Of all Leonardo's manuscripts, the one bearing the letter D may appear the most scientific. Is this a reason to think that—as one would only wrongly believe of Manuscript A, as I stated in the Study cited above—notebook D cannot have any interest or utility for art? The opposite is perhaps true. This notebook, which appears to be the fair copy of some of the long-sought drafts on optics and perspective^2, of which Manuscript A provides examples, gives in a form that seems almost definitive in the author's mind a part of the Treatise on Painting^3. It may be through a profound knowledge of the nature of the eye that Leonardo da Vinci wished to begin, in order to establish, according to his way of seeing, the bases of the chapters on perspective, which were to form a part of this Treatise; also, although Manuscript D is primarily related only to optics proper—to the study of the eye in all living beings—it discusses both perspective and painting. Leonardo distinguishes, parenthetically, the painting in use among the painters of his time (which was entirely conventional, according to him) from the true painting, to be founded on the experimental knowledge of the laws and phenomena of perception.
As for Manuscript B, it contains several passages relating to the proportions of man and on the composition of colors, which were written with the Treatise on Painting in view. To show all the interest that it, too, offers to artists, there is no need to recall further the considerations that lead one to think of it what has been recognized as true regarding Manuscript A. It will be enough to announce that many of the figures explaining the texts can count, for their elegance, their finesse, and their energy, among the most beautiful sketches of the great master. One of them may serve as an example: that of a warrior on horseback (folio 46 verso), to be compared with certain sketches of the statue of Francesco Sforza, and the riders of the Battle of Anghiari^4.
For Manuscripts B and D, especially for the first, even more attention and more requested advice have not been able to preserve me absolutely from all errors. Far from desiring that they pass unnoticed, I hasten to give warning of them. Indications of these will be found in the errata following those of Manuscript A. Those which are serious are, moreover, if I am not mistaken, very rare; I point out here, in this regard, the leaves: 3 verso, 4 recto, 7 recto, 9 verso, 12 recto, 13 recto, 15 recto, 18 verso, 20 verso, 23 recto, 35 recto, 36 recto, 40 verso, 54 verso and 63 verso. I have, moreover, done everything in my power so that in all respects the second volume would be superior, and increasingly superior, to the first. I hope that those who can imagine the fatigue I have had to brave and overcome to reach this goal will grant me some benevolent indulgence.
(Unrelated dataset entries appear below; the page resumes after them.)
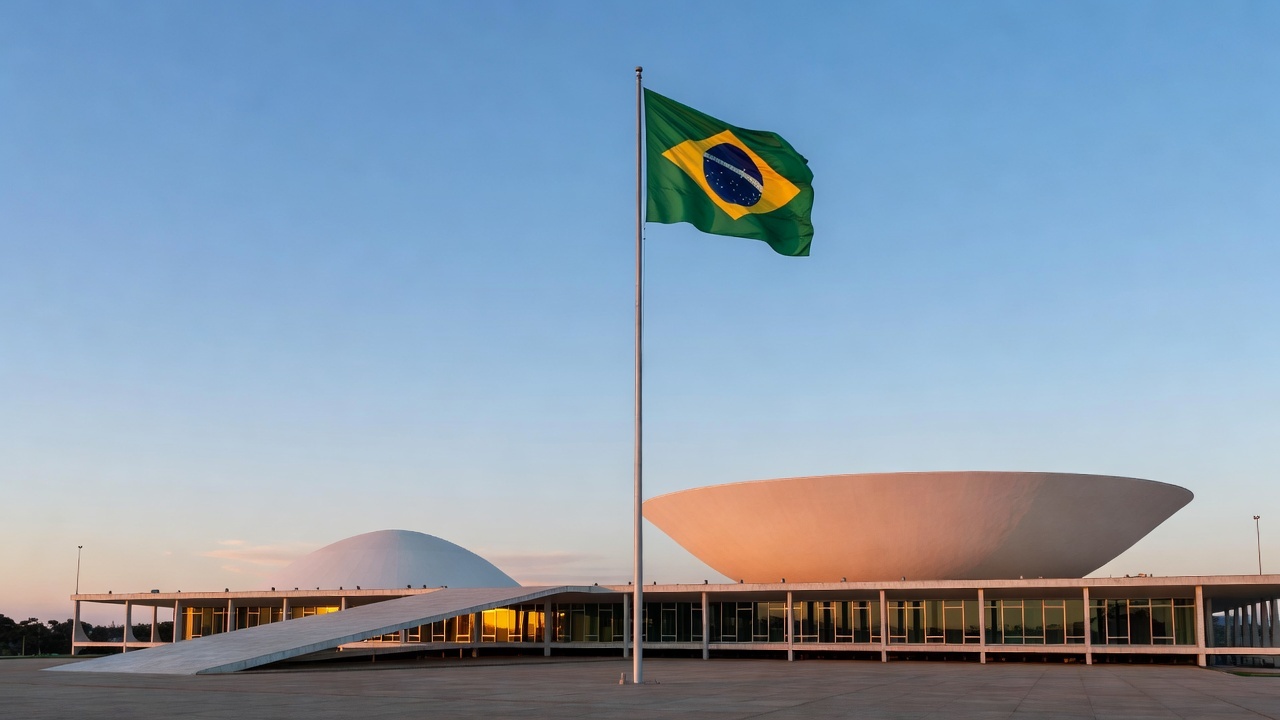 Fachada do Senado Federal em Brasília com bandeira do Brasil
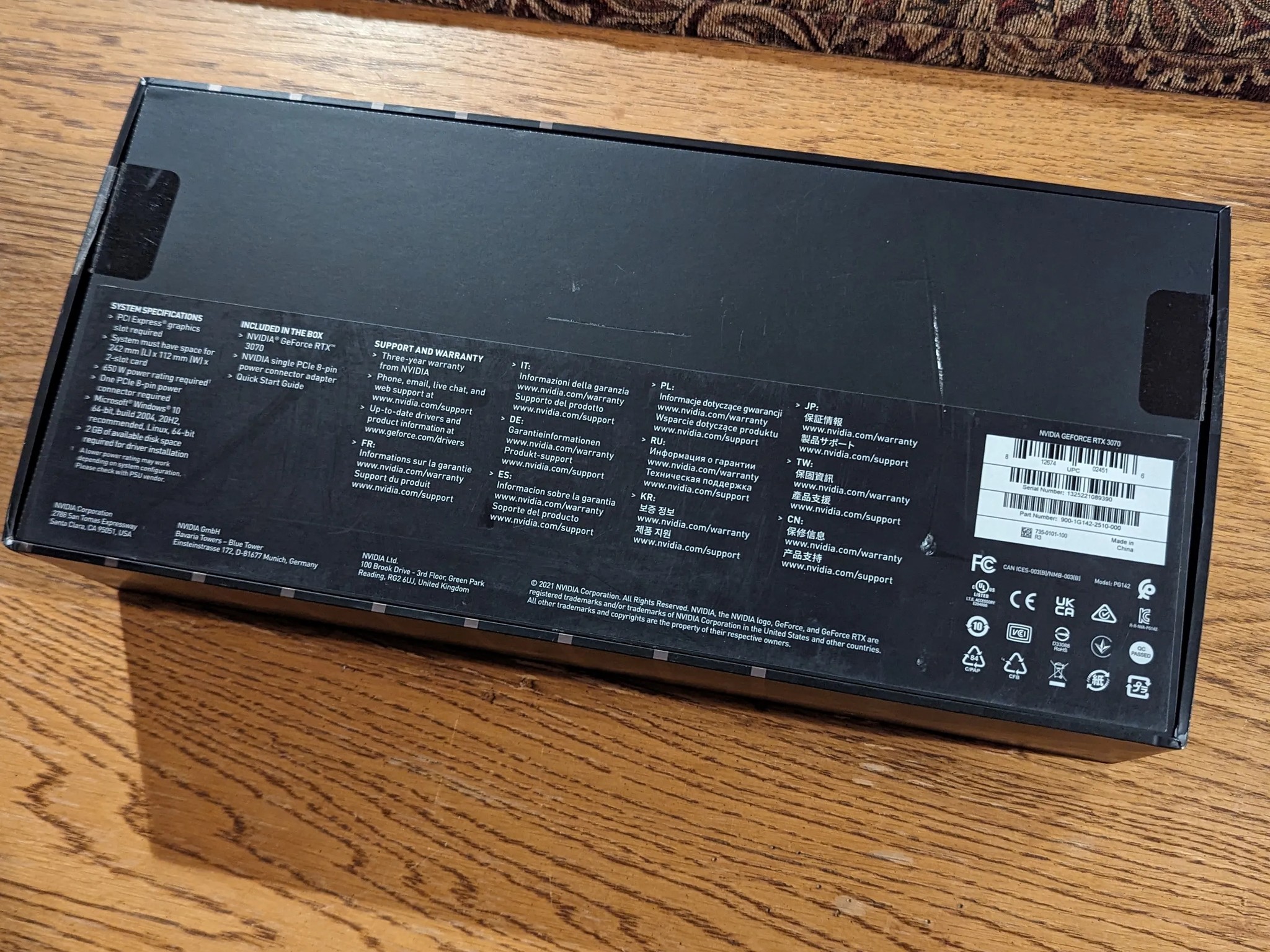 NVIDIA GeForce RTX 3070 Founders Edition Graphics Card/GPU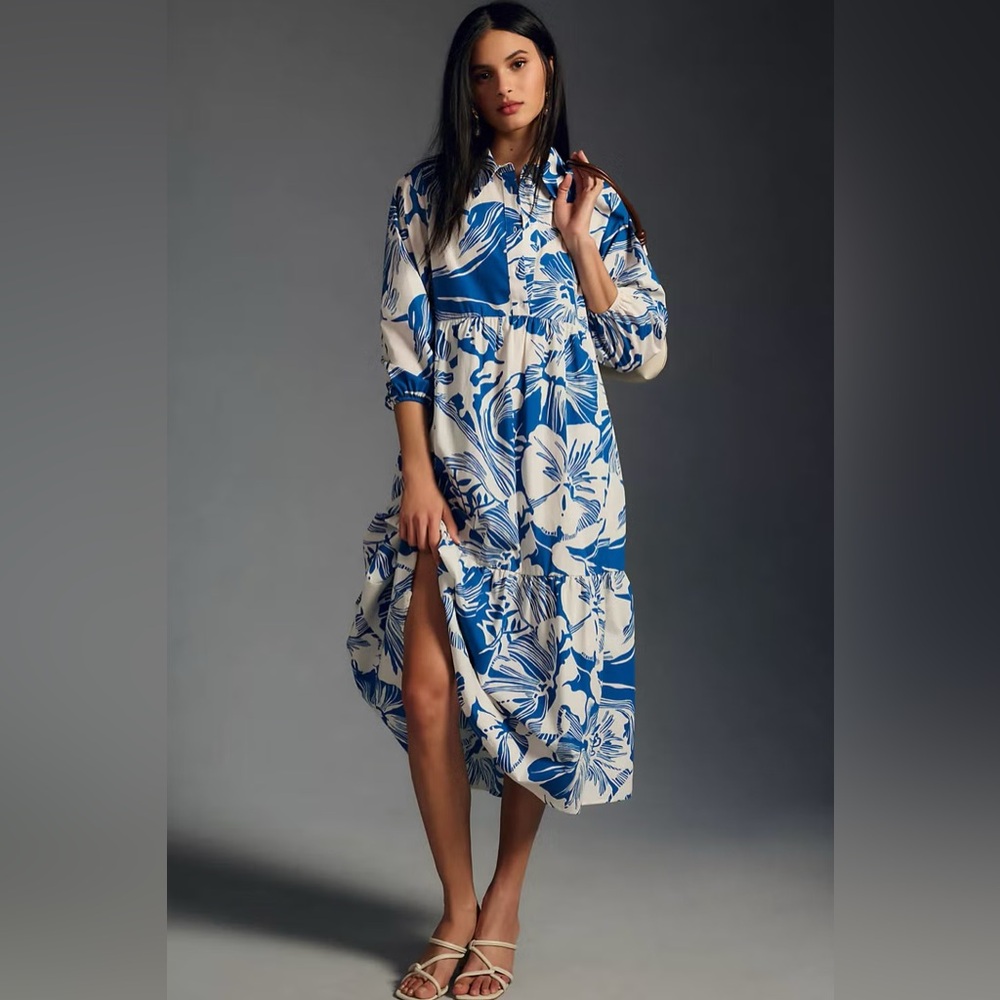 Anthropologie Bettina Tiered Shirt Dress Blue Floral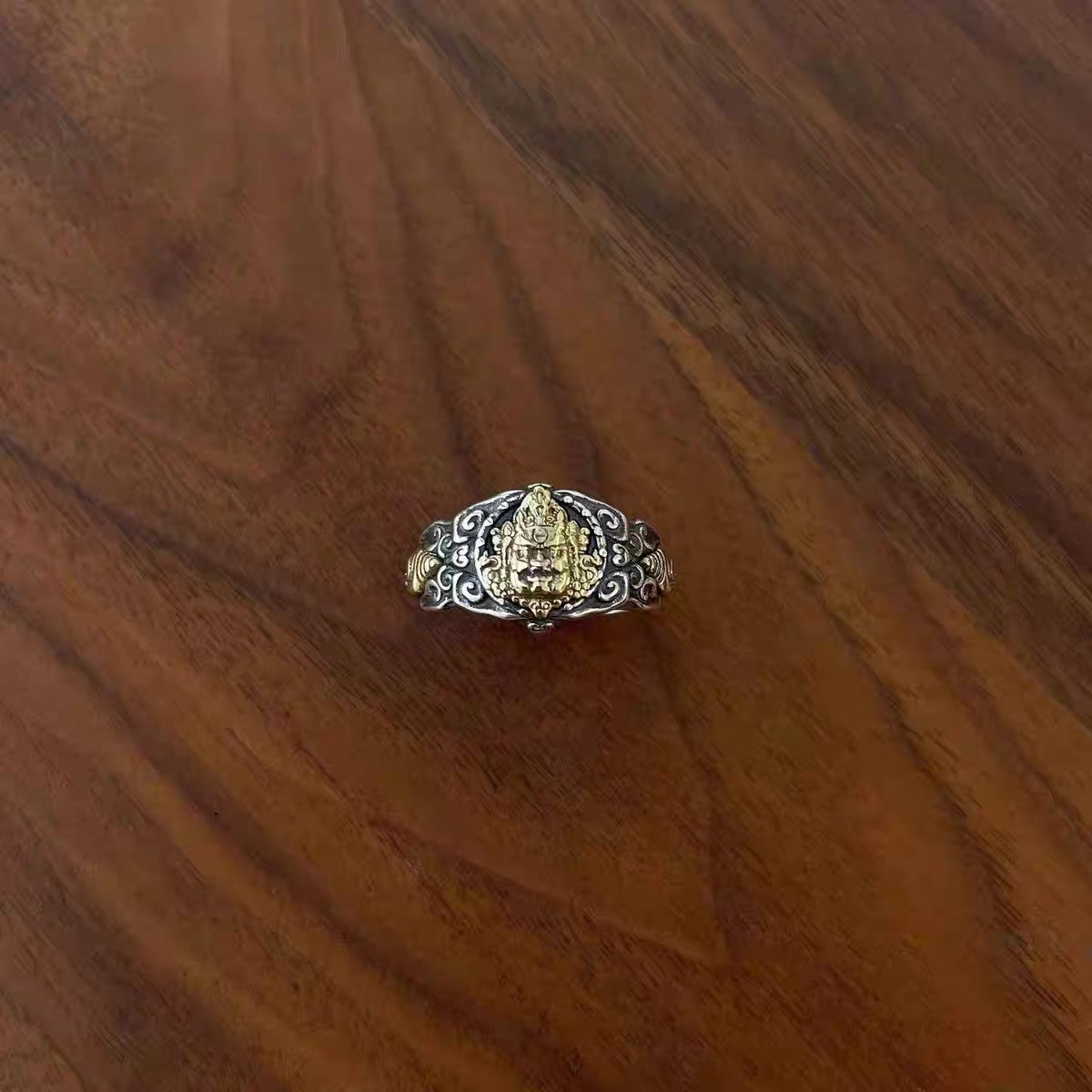 1pc 999 Sterling Silver Two-tone Wealth God Open Ring, Retro Ethnic Style, Perfect For Daily Wear & Valentine's Day Gift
1. See the general preface at the beginning of Volume A (Manuscript B).
2. "In ancient times, Perspective was synonymous with Optics." original Italian: "Anticamente Prospettiva era sinonimo d'Ottica." (Govi, Leonardo as Scientist and Man of Letters — Essay on the works of Leonardo da Vinci, p. 13).
3. This is perhaps the occasion to point out to those who do not yet know it, an important edition of the Treatise on Painting which appeared a short time ago in Germany: Leonardo da Vinci, the Book of Painting according to the Vatican Codex (Urbinas) 1270, edited, translated and explained by Heinrich Ludwig in three volumes; Vienna, 1882, Wilhelm Braumüller. original German title: "das Buch von der Malerei..."
4. See: Leonardo da Vinci and the statue of Francesco Sforza, by L. Courajod, 1879, published by Champion.